Very few studies have reported the fabrication of HA/TCP scaffolds using a DLP-type 3D printing system. Unlike FDM-based 3D printers, the DLP-type 3D printing system used herein reduces the processing time by conducting the simultaneous irradiation of the entire desired cross-section. It can produce biomaterial with a high resolution compared to other systems [55]. DLP technology uses a digital projector as a light source, which significantly reduces the printing time and enables high-accuracy printing [56]. A DLP system uses a ceramic slurry stacked layer by layer for the production of ceramic scaffolds [57,58]. Light-unresponsive HA and TCP should be mixed with other polymers for DLP printing [59] because each layer is solidified by exposure to light. Subsequent heat treatment is used to remove the polymers completely and produce biocompatible substitutes. In DLP-type 3D printing systems, developing a technology that can completely remove the photopolymer by heat treatment after printing is key [60]. There are several essential conditions that need to be satisfied for complete removal, such as an appropriate heating rate, temperature, and time. The methods for removing polymers, methods for making the HA/TCP slurry, and 3D printing sequences are trade secrets in the field of bioceramic 3D printing. In this study, the safety and appropriateness of 3D printed bone were verified through biological safety assessments.

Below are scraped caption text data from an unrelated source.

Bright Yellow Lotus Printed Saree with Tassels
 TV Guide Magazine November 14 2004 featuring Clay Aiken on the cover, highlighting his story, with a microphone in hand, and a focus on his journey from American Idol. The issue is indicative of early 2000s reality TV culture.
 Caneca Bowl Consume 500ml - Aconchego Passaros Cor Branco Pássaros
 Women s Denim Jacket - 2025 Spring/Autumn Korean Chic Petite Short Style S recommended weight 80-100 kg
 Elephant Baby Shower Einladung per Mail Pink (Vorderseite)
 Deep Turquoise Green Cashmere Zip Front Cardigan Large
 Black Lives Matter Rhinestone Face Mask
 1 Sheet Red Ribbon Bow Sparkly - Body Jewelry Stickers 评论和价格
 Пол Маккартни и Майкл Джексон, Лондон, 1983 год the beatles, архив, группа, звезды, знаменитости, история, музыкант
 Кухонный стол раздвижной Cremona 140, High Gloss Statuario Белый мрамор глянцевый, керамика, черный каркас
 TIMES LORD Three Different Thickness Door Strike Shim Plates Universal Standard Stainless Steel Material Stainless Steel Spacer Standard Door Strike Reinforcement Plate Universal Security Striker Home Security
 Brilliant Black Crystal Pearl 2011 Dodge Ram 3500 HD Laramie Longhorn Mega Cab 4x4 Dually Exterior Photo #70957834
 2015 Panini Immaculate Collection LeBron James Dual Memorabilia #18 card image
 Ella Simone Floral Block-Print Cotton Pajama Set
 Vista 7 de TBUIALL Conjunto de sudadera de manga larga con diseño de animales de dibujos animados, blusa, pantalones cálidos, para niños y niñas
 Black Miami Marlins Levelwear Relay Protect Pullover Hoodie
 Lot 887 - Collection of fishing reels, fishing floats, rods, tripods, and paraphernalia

This study showed the possibility to manufacture 3D printed HA/TCP bone with complete polymer removal after 3D printing. This study also proved the biocompatibility and bone regenerative abilities of the 3D printed bone substitutes with the same composition as that of conventional HA/TCP alloplastic bone but with additional structural stability.

The bone regeneration and biocompatibility of the 3D printed HA/TCP scaffold were confirmed through this study. Further studies on scaffold structure and porosity in 3D printed bone are needed.

9. Conclusions

In this study, a 3D printed HA/TCP scaffold was fabricated using a DLP-type 3D printer. The 3D printing of HA/TCP scaffolds using a DLP system is rare and innovative, and it will enable customized bone grafting for biomedical applications. However, this study has a few limitations. The mechanical strength and bone regenerative ability of the 3D printed ceramic scaffold could be affected by the pore structure. Further study is required for accurately determining the pore size, scaffold geometry, and interconnectivity. In addition, growth factor and bioprinting techniques could enhance the bone regeneration facilitated by the ceramic scaffold. This study did not include those techniques; therefore, additional research will be helpful for increasing the utility of 3D printed HA/TCP scaffolds without polymer.

A 3D printed HA/TCP scaffold without polymers had sufficient bone-forming ability and provided superior stability for the defect area. The 3D printed HA/TCP scaffold is easy to use for large or complex bone defects. The 3D printing of a HA/TCP scaffold without polymers could be used for fabricating customized bone-grafting substitutes.